Example for Decimal: 133124
Big-endian:    Hex: 0x00020804
00000000  00000010 00001000 00000100
Bits 31-25 Bits 24-16 Bits 15-8 Bits 7-0
Little-endian: Hex: 0x04080200
00000100 00001000 00000010 00000000
Bits 7-0 Bits 15-8 Bits 24-16 Bits 31-25

Endian issues do not affect sequences that have single bytes, because “byte” is considered an atomic unit from a storage point of view. Within a single byte, the bits are always ordered in the same way. Endianness affects only multi-byte data.

UTF-8 data is not affected by endianness, even if the data is stored as more than 1 byte. UTF-16 data and UTF-32 data are affected by endianness. For example, the character 'A' is encoded for UTF-16 and UTF-32 as shown in the following table:

UTF-16 UTF-32
Big-endian X'0041' X'00000041'
Little-endian X'4100' X'41000000'

Big-endian Support Guidance
Due to the popularity of little-endian architectures, most implementations are little-endian by default. Open-source projects that want to expand the type of supported architecture should also support the big-endian format.

There are two levels that an implementation can support:
1. Native endianness for all communication happens with processes of the same endianness.
2. Cross endian support where implementations do byte reordering when appropriate.

It is recommended to have discussions related to extending support to big-endian either native or cross-endian before submitting pull requests (PRs) to open-source projects.

Conditions to include big-endian support in your open-source project
• Accurate Continuous Integration (CI) setup with code builds from a big-endian format processor architecture, for example, an IBM Z or LinuxONE sandbox.
• Parity functionality testing for big-endian and little-endian formats.
• Benchmarks for performance-critical parts of the code to demonstrate no regression and improvements.

Benefits of expanding support to s390x processor architecture and big-endian format
While IBM Power Systems have moved to little-endian and Oracle no longer sells SPARC servers, the s390x platforms (IBM Z and LinuxONE) continue to grow.
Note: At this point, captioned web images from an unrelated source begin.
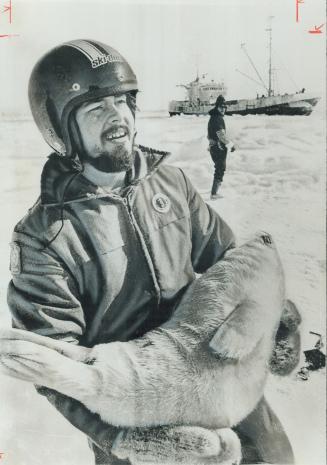 Saving seal pup from Norwegian hunter, Greenpeace Foundation member Paul Watson of Toronto holds animal on floe off Newfoundland yesterday on opening (...)
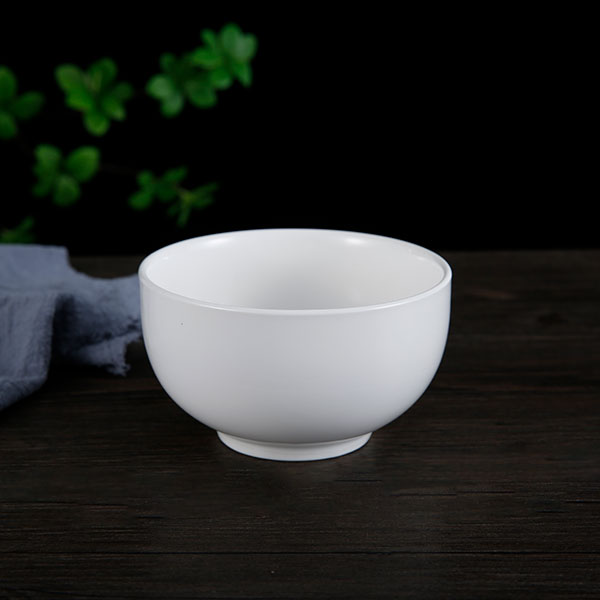 圓潤白瓷碗
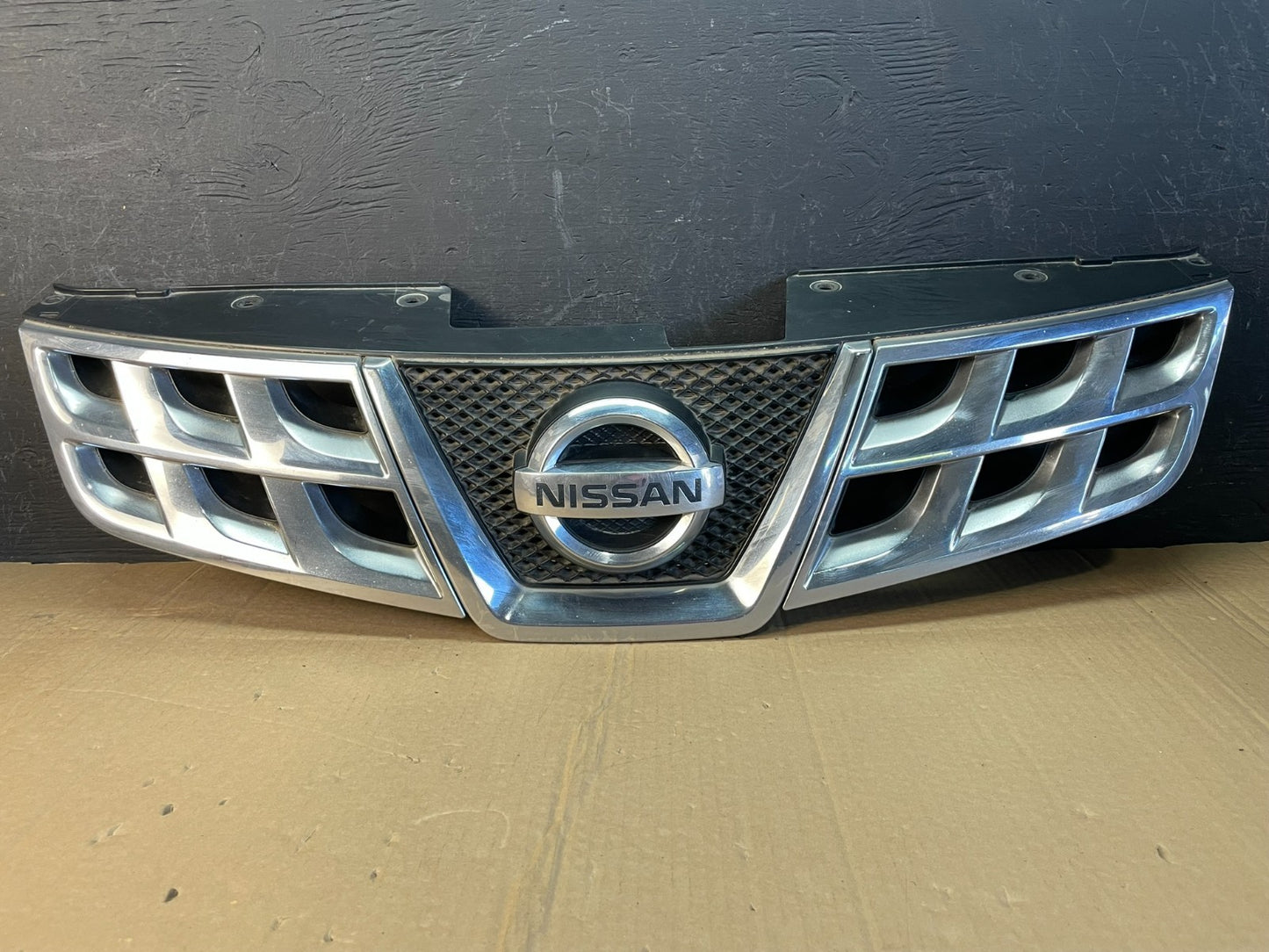 2011 to 2015 Nissan Rogue Front Upper Chrome Grill Grille AC9749 DW0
Commonly known as mainframes, these are modern platforms with a very large ecosystem of open-source software that has been growing since Linux support started more than 20 years ago.

There are currently over 6,000 docker images in Docker Hub with software available for IBM Z and LinuxONE, many of them with the big-endian format.

IBM as one of the enterprises with the largest amount of open-source active contributors has a program that supports and advocates the growth of open-source software for s390x processor architecture. Here are some of the benefits of expanding from x86 and ARM your open-source software support to s390x:
• Increase reach to the largest enterprises using IBM Z and LinuxONE (IBM customers).
• Opportunity to expand user base to Linux on Z developers around the world.
• IBM upstream developers’ participation.
• Availability of free sandbox (VMs) in the IBM Z & LinuxONE platform.
• A growing IBM Z & LinuxONE user base that could become part of your open-source community
• A growing IBM Z & LinuxONE customer base in Financial Services, FinTech, Data Science, Blockchain, and Artificial Intelligence.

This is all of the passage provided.